W oparciu o pieniądze krajów Zatoki Perskiej taka armia może prowadzić skuteczną walkę ze wspieranymi przez Iran oddziałami w Jemenie i być może w innych miejscach. Na pewno więcej pieniędzy będzie przeznaczone na islamistycznych rebeliantów w Syrii (Al Nusra), być może na sunnitów irackich, jeśli będą próbowali uwolnić się od ISIS, i na sunnitów libańskich, żeby mogli skuteczniej przeciwstawić się Hezbollahowi.

Po piąte, wyraźnie w tej chwili widać, że na Bliskim Wschodzie walczy ze sobą – i walczyć będzie pewnie w różnych konfiguracjach sojuszy – trzech albo czterech głównych aktorów: szyici wspierani przez Iran, sunnici wspierani przez Arabię Saudyjską oraz islamiści sunniccy z ISIS i Al Kaidy, nienawidzący szyitów jako heretyków i Arabii Saudyjskiej jako fałszywych sunnitów oraz siebie nawzajem.

Trudno sobie nawet wyobrazić, kto jest w stanie kogo pokonać – przypuszczalnie czeka nas długoletnia wojna na wyniszczenie, która z kilku przynajmniej krajów pozostawi zgliszcza (Syria, Jemen) – i miejmy nadzieję, że nie przeniesie się do Arabii Saudyjskiej i emiratów, bo to by z kolei oznaczało dramatyczny spadek produkcji ropy.

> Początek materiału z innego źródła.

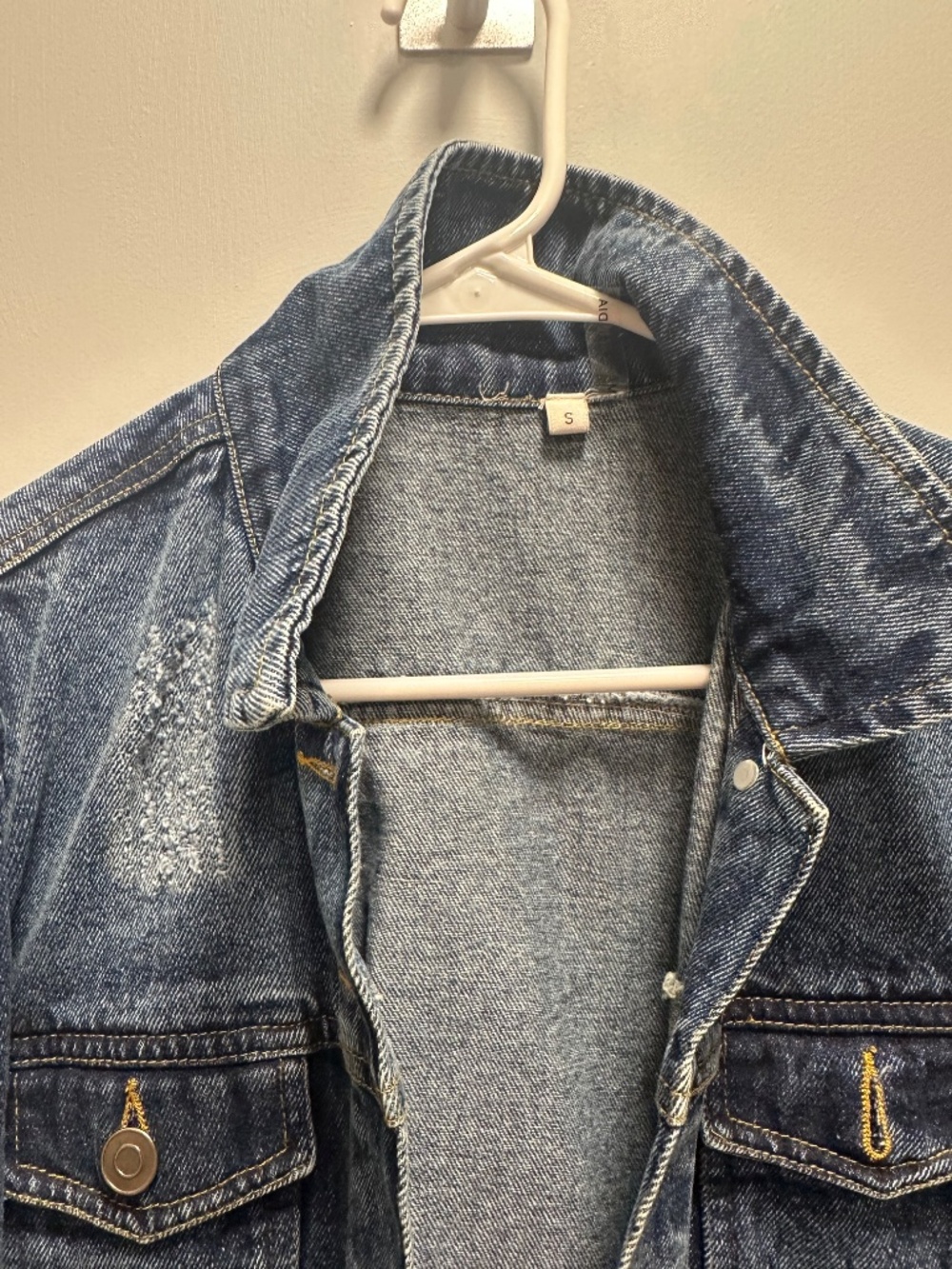 Jean jacket - Picture 3 of 4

Dwie pozostałe konsekwencje rozszerzających się na Bliskim Wschodzie konfliktów dotkną Europę bardziej bezpośrednio. Jedna, to wzrost liczby muzułmanów europejskich wyjeżdżających z pomocą dla którejś ze stron konflktu. Według aktualnego raportu ONZ http://goo.gl/0z0G3U od lipca 2014 liczba zagranicznych bojówkarzy walczących po stronie islamskich terrorystów wzrosła o 71%, do ponad 25 tysięcy, z czego 22 tysiące walczy w Iraku i Syrii, głównie w szeregach ISIS i Al Nusry.

Będzie ich wyjeżdżać jeszcze więcej. O niebezpieczeństwach wynikających z powrótów tych terrorystów na Zachód i naśladowania ich przez pozostałych w Europie (przykładem atak na redakcję „Charlie Hebdo”) wielokrotnie pisaliśmy na naszym portalu.

I wreszcie, konsekwencja siódma – im więcej wojen, tym więcej uchodźców. I tym więcej uchodźców, którzy starać się będą o emigrację do Europy. Jeśli nie wymusimy na krajach islamskich przyjmowania tych uchodźców, to za kilka lat znikną wprawdzie na Bliskim Wschodzie Syria, Jemen i być może parę innych krajów muzułmańskich, ale nie znikną ich mieszkańcy – tyle, że przeniosą się w bezpieczniejsze i bogatsze okolice: do Unii Europejskiej. Nawet gdybyśmy mieli Arabii Saudyjskiej i Turcji dopłacać za przyjmowanie tych uchodźców u nich, powinniśmy to robić.

Ciesząc się, że powstrzymamy Iran od budowy bomby atomowej nie możemy udawać, że to oznacza początek stabilności i powszechnej zamożności na Bliskim Wschodzie.